Data excerpts »
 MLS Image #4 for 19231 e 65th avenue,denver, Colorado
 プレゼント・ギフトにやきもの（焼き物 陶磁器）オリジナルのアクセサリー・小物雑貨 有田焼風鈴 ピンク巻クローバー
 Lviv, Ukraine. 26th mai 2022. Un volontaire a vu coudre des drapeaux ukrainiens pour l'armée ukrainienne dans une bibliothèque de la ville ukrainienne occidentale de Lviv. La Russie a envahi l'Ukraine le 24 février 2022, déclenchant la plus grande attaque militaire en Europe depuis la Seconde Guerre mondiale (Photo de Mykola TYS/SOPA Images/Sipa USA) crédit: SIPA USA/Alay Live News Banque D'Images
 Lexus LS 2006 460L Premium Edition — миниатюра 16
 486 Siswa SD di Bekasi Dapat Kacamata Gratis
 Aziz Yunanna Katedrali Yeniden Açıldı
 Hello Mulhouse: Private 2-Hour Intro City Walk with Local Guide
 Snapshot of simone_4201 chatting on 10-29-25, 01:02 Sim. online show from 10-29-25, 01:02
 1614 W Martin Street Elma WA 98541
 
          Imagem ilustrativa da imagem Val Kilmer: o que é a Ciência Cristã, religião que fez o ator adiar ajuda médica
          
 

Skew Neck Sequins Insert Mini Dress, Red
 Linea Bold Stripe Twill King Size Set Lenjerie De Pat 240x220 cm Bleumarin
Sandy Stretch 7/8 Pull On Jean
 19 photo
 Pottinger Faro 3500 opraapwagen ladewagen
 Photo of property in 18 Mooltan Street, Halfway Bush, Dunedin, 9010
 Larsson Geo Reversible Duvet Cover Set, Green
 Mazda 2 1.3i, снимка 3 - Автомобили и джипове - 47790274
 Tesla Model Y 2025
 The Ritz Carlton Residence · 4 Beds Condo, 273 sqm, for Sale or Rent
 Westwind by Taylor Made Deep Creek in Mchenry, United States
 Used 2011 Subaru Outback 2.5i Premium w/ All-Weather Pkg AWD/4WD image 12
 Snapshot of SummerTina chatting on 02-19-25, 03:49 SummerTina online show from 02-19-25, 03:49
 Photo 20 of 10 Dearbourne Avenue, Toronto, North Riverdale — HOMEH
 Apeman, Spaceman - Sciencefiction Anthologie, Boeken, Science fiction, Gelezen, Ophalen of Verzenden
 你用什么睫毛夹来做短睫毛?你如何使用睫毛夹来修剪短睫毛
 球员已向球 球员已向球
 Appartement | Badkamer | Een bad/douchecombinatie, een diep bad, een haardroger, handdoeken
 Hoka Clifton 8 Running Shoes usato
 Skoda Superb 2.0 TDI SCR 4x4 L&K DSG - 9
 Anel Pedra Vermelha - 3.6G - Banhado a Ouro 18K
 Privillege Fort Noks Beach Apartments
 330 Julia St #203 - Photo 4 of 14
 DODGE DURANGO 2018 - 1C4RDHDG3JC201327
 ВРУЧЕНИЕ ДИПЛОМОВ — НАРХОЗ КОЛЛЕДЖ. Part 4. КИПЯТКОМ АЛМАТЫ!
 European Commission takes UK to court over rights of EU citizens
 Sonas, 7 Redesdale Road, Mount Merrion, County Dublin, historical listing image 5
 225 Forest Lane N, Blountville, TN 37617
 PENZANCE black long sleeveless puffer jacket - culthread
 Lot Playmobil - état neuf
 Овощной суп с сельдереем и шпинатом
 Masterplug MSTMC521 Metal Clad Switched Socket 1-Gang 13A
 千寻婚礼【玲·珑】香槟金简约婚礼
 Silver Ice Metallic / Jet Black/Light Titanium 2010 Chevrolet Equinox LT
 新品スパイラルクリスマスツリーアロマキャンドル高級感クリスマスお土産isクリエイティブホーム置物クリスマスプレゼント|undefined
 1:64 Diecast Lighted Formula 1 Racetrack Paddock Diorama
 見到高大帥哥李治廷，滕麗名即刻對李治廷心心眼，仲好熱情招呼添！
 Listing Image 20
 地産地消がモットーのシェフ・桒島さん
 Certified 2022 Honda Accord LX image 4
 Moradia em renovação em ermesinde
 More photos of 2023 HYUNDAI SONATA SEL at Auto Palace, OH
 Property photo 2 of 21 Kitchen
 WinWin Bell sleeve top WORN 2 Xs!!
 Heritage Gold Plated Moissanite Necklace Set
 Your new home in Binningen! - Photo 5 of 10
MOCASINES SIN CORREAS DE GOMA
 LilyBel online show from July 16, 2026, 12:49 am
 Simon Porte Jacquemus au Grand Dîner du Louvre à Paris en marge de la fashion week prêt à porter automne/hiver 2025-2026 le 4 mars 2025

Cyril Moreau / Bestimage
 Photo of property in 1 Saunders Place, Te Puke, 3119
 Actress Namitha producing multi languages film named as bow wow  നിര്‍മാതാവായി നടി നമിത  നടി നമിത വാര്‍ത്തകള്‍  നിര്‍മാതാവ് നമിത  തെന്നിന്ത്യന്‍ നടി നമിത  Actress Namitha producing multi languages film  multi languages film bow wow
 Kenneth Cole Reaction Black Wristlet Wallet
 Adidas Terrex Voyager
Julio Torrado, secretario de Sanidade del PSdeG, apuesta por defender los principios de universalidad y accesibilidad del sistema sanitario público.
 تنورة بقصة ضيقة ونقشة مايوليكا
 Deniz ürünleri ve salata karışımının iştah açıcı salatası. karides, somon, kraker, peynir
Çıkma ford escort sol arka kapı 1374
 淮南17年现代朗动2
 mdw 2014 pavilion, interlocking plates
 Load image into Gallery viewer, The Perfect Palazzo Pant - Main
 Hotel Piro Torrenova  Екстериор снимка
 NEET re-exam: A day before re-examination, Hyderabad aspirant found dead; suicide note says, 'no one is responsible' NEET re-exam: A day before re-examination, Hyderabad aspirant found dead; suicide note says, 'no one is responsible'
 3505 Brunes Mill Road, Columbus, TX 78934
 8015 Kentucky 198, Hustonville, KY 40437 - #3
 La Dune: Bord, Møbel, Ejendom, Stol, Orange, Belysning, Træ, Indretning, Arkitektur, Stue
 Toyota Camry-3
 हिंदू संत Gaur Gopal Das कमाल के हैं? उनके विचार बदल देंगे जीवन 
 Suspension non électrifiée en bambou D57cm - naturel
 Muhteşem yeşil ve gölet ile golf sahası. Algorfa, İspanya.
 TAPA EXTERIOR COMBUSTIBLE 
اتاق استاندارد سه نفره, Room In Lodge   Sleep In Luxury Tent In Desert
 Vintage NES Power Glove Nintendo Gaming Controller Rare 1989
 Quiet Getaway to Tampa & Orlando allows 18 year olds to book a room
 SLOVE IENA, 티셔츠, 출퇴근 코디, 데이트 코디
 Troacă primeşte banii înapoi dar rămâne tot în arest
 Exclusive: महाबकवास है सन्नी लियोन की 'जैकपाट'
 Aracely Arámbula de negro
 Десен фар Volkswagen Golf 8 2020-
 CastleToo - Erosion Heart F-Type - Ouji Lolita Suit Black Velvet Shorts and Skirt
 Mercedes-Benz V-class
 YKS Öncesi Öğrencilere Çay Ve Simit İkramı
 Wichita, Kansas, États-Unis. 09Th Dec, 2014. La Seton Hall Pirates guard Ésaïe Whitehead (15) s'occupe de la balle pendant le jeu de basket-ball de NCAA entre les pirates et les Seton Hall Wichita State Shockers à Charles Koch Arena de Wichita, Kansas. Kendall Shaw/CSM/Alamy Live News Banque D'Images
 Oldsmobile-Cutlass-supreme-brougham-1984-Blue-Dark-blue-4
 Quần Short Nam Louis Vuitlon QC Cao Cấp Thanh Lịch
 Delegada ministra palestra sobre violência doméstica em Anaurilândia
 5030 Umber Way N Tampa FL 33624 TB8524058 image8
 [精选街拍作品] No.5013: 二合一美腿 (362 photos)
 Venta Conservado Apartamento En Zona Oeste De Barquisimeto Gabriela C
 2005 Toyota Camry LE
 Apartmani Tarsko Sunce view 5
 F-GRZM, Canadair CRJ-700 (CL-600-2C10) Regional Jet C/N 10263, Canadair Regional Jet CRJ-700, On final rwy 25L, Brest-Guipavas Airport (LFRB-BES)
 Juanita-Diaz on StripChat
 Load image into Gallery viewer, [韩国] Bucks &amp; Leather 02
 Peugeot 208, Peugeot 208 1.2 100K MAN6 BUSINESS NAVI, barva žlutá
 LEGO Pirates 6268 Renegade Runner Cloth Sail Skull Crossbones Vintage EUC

Your task »
Among the lines of the listing above, count those that hold the string "Gallery", giving the count alone.

Answer for this exercise »
2